Meski surat edaran baru telah dikeluarkan, namun isinya tidak merekomendasikan untuk mencabut SE pertama. Isi dari surat edaran kedua tersebut yakni pertama, menggerakkan seluruh instansi terkait termasuk jajaran TNI AD untuk mengajak petani melakukan penanaman padi pada lahan yang tidak termanfaatkan. Kedua, lahan yang tidak termanfaatkan sebagaimana tersebut pada angka 1, dapat diusulkan oleh petani untuk dilakukan kerja sama pengelolaannya dengan pihak ketiga, dalam hal ini Koramil dan UPT Pertanian Kecamatan setempat. Dan ketiga, pengelolaan sebagaimana dimaksud pada angka 2, dilaksanakan sesuai dengan kesepakatan para pihak (petani dan pengelola) sesuai dengan peraturan perundang-undangan.

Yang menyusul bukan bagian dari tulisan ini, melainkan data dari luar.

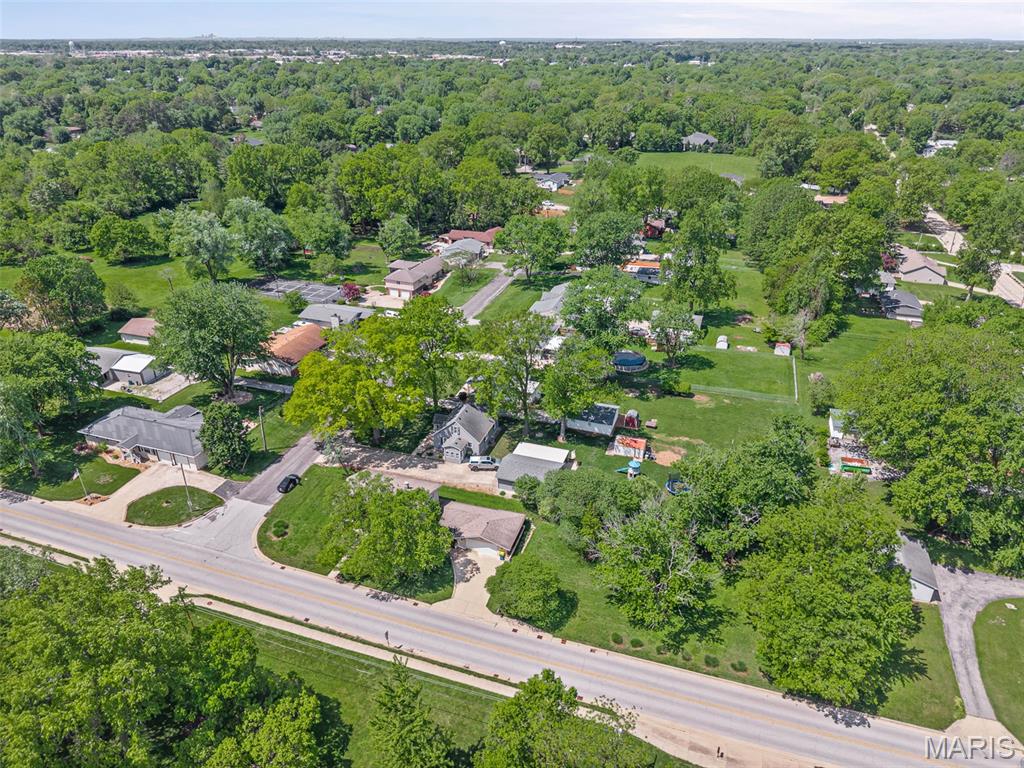 1237 Gerber Road Edwardsville, IL 62025 - Photo 37 of 38 Gallery Image 37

Menjadi tidak adil ketika swasembada pangan justru memberatkan petani dengan peraturan-peraturan yang ditetapkan. Salah satu peraturan yang jelas membebani petani adalah ketika 15 hari pascapanen lahan tidak ditanami, maka akan ada pengambilalihan pengelolaan oleh pihak TNI atau UPT pengelola dengan pembagian keuntungan sebesar 80-20. Yaitu 80% untuk TNI atau UPT pengelola dan 20% untuk petani. Dari peraturan ini dapat mencerminkan bahwa hak-hak petani yang diatur dalam Undang-Undang Nomor 19 Tahun 2013 tentang Perlindungan dan Pemberdayaan Petani telah dicerabut. Bukan hanya perampasan hak-hak petani, peraturan yang diedarkan oleh Gubernur Sumbar tersebut juga menyalahi aturan dari Pasal 39 Undang-Undang Nomor 34 Tahun 2004 Tentang Tentara Nasional Indonesia. Di dalam Undang-undang tersebut dijelaskan bahwa TNI tidak diperbolehkan berbisnis. Tetapi pada surat edaran ini, gubernur memosisikan TNI sebagai pihak yang berbisnis dalam bidang pertanian, sementara semangat keikutsertaan TNI dalam pertanian ini tidak dilandasi oleh semangat sukarela.

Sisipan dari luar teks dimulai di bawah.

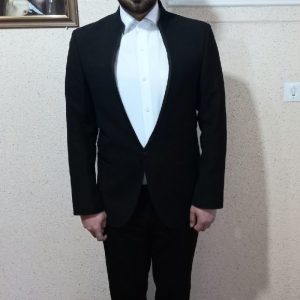 دو عدد کت و ۴ عدد پیراهن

Permasalahan lain yang dihadapi oleh para petani adalah tenggat waktu pascapanen yang diberikan oleh pemerintah. Pada surat edaran tersebut, jelas tertulis bahwa ketika lahan pertanian tidak ditanami setelah 15 hari maka pengelolaannya akan diambil alih oleh TNI atau UPT. Padahal petani sendiri memerlukan waktu untuk mengolah hasil panen, sebelum mereka menanami lahan mereka. Waktu yang mereka gunakan untuk mengolah panen sekaligus juga untuk menunggu masa subur tanah secara alami. Selain itu, mereka juga memerlukan waktu untuk menerima jatah pengairan atau irigasi. Waktu jeda yang singkat ini tidak cukup untuk mengembalikan masa subur tanah. Tanah yang terus dieksploitasi justru akan menjadi tanah yang sukar untuk ditanami karena masa suburnya telah habis.

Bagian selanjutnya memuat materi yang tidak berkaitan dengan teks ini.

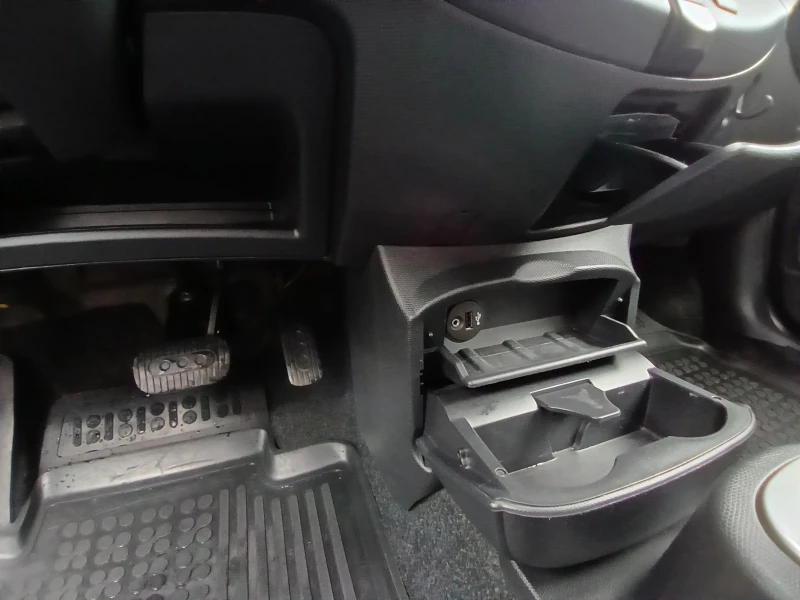 Nissan Micra 1.4 к12, снимка 6 - Автомобили и джипове - 52773011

Terlepas dari poin-poin yang tercantum pada edaran tersebut, petani yang memiliki lahan seharusnya mempunyai hak atas tanahnya. Karena milik rakyat, sudah seharusnya tanah tersebut sepenuhnya hak petani untuk dikelola dengan sistem yang ada di masyarakat. Tetapi dengan adanya edaran tersebut, kedaulatan petani pun direnggut. Mereka dipaksa tunduk terhadap sistem-sistem yang dibuat oleh pemerintah demi mengejar target yang mungkin tidak dirasakan manisnya oleh para petani. Swasembada pangan yang dibangga-banggakan oleh pemerintah melukai para petani. Bagaimana tidak menyayat hati, petani sebagai ujung tombak dalam program ini pun harus menerima pil pahit. Karena hak-hak mereka dirampas demi sebuah target angka 3 juta ton padi. Angka tersebut harus tercapai dengan memaksimalkan lahan pertanian yang ada. Tetapi menumbalkan petani yang bekerja. Dari total lahan yang tersedia seluas 230 ribu hektar, petani harus membuka kembali lahan yang mereka punya demi target yang ditetapkan pemerintah pusat yang mencapai 600 ribu hektar.

Surat edaran tersebut membuktikan bahwa penindasan terhadap rakyat masih terus terjadi oleh para pemangku kebijakan. Edaran ini secara terang-terangan melakukan tindakan represif demi mengejar target. Alangkah lebih baik apabila gubernur menggunakan pendekatan dengan memberi penghargaan bagi para petani yang mampu meningkatkan produktivitas panennya. Solusi lain yang dapat digunakan adalah membuat program yang dapat mendukung produktivitas atau memberikan bantuan berupa sarana dan prasana pertanian seperti irigasi, pupuk, pembasmi hama dan teknologi pertanian tanpa mengabaikan hak petani atau melibatkan militer. Dengan adanya surat edaran ini pemerintah berharap bahwa produktivitas petani akan meningkat. Memang akan meningkat, tetapi dengan cara yang memaksa dan menindas. Kita seperti kembali ke zaman penjajahan ketika sistem tanam paksa diterapkan. Demi dalih ketersediaan pangan, hak petani pun menjadi korban.